Example 9 - Quinic acid enhances thermogenic function

Rectal temperature was measured at 8 a.m. (t=0) on 24-week old mice fed a chow diet, supplemented with either water (Veh) or Quinic Acid (25 mg/(kg*day). Then, mice were placed on a cold room (6 °C), with no access to food, and rectal temperature was measured every hour.

These data demonstrate that quinic acid enhanced thermogenic function (Figure 10).

Example 10 - Quinic acid potentiates endurance performance on high-fat fed mice

26 week-old mice were place on a treadmill and endurance was evaluated by using a increasing speed protocol, as described previously (Lagouge et al, 2006, PMID: 17112576). The tests were performed on low and high fat-fed mice supplemented with either water (Veh) or Quinic Acid (25 mg/(kg*day).

These data demonstrate that quinic acid potentiates endurance performance in high- fat fed mice (Figure 11). Materials and Methods

Food preparation

Powder low fat diet (LFD; Research Diets Inc.; Ref: D12450J) was reconstituted into ~20 gram pellets using 100ml of water/kg of food. In addition to normal low fat diet pellets, two additional groups were made by adding quinic acid (QA) to the water used for reconstitution. A first group (low dose) was created, where 0.25g of QA were added per Kg of food (this means, 0.25 grams per 100 ml of water). In a second group (high dose), lg of QA was added per Kg of food (this means, 1 gram per 200 ml of water). The low doses and high doses were considered as ~25mg/(kg*day) and ~100mg/(kg*day), respectively, assuming that mice averaged 30 grams at the beginning of the experiments and ate approximately 3 grams of food per day. Once pellets were made, they were left drying under a hood for 24hrs, flipping the upside down after 12hrs.
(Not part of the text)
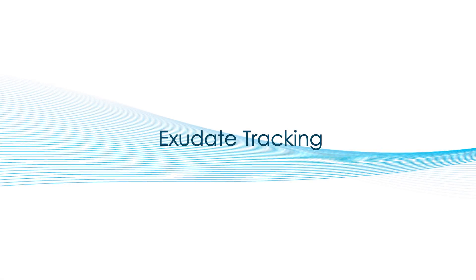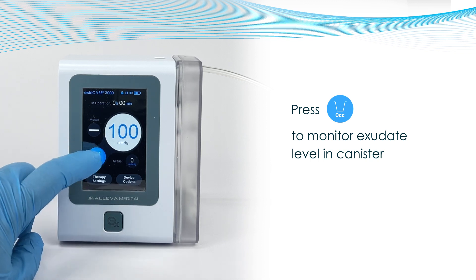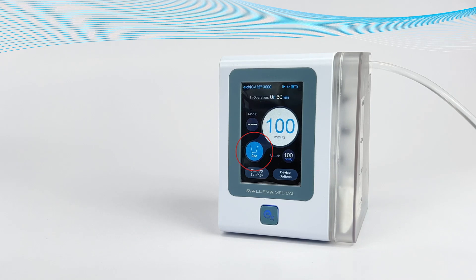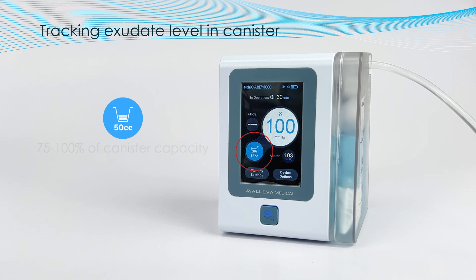Exudate Tracking. The ExtraCare 3000 has the ability to monitor the exudate level in a canister and the time to reach those levels. To see this, simply press down on the symbol that looks like a cup on the touch screen — this is the volume indicator button. As exudate goes up, the volume indicator on the button will also change. The ExtraCare 3000 unit will show exudate level at 25%, 50%, 75%, and 100% of the canister total volume.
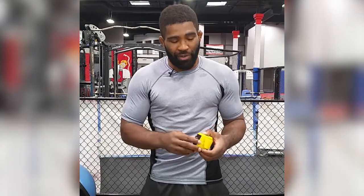Hand wraps — these are 180's. They come in 108's, 120's, 180's. I always say get 180's, a lot easier. Nothing wrong with having an extra hand wrap.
Then, pellets were stored in a -20°C freezer.

In the case of high-fat diet (HFD; Research Diets Inc.; Ref: D12492), the diet preparation was similar, but with two minor changes. First, 20ml of water, instead of 100ml, was used per Kg of food for pellet preparation. Second, the pellets were frozen lhr after preparation.

All pellets were thawed at room temperature at 8a.m prior to changing the food in the cages at 10a.m.

Treatment

At 10 weeks of age, 60 male mice were randomly distributed in 6 groups (n=10 per group) and provided the different diets: LFD (Control, Low Dose and High Dose) or HFD (Control, Low Dose and High Dose). Mice were maintained for 8 weeks on their corresponding diets before phenotyping took place. During this time, body weight and food intake was monitored weekly.